### PROBLEM DETAILS:
A faithful transcript of all the lines below, with no pictures, is the goal here.

### SUPPLIED INFORMATION:
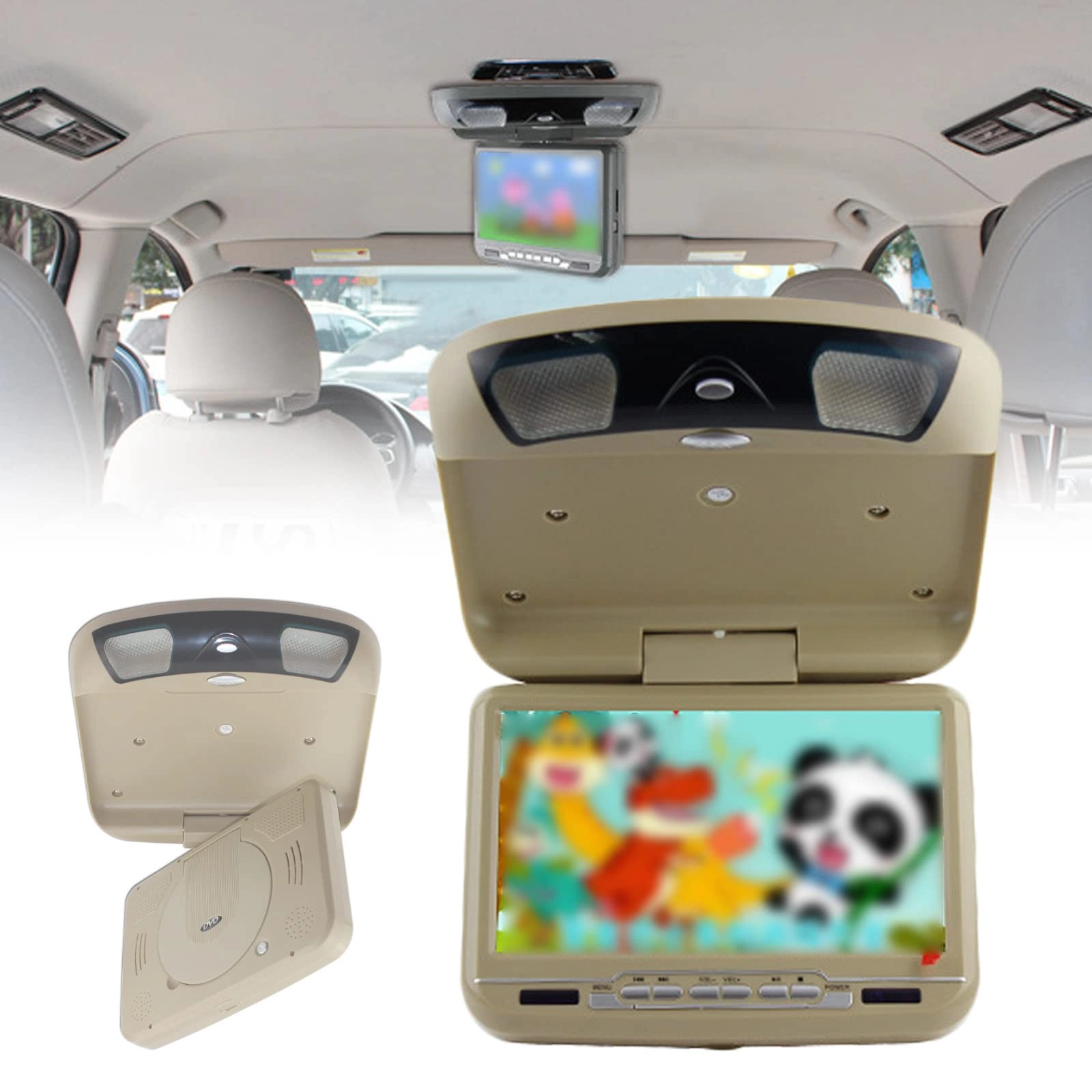 Roboraty Flip Down Overhead Car DVD Player Monitor - 9"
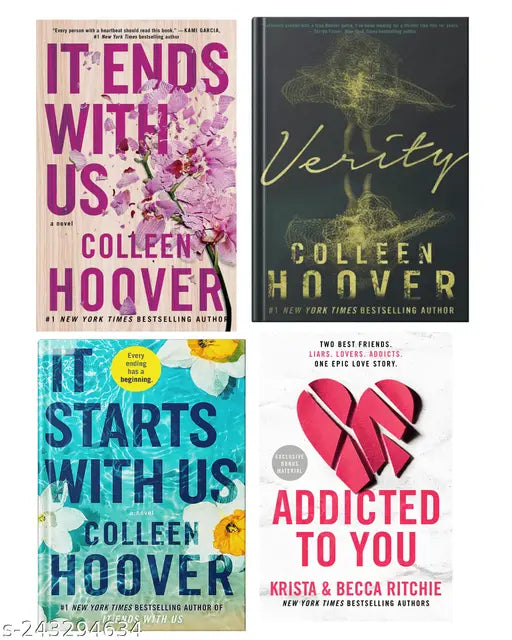 IT END WITH US BY COLLEEN HOOVER  + IT STARTS WITH US BY COLLEEN HOOVER  + VERITY BY COLLEEN HOOVER + ADDICTED TO YOU  BY KRISTA RITCHIE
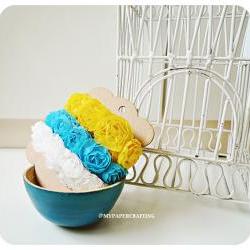 Choose any 3 colors Chiffon Bloomer rose trim - 5% off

### ANSWER SECTION:
 Roboraty Flip Down Overhead Car DVD Player Monitor - 9"
 IT END WITH US BY COLLEEN HOOVER  + IT STARTS WITH US BY COLLEEN HOOVER  + VERITY BY COLLEEN HOOVER + ADDICTED TO YOU  BY KRISTA RITCHIE
 Choose any 3 colors Chiffon Bloomer rose trim - 5% off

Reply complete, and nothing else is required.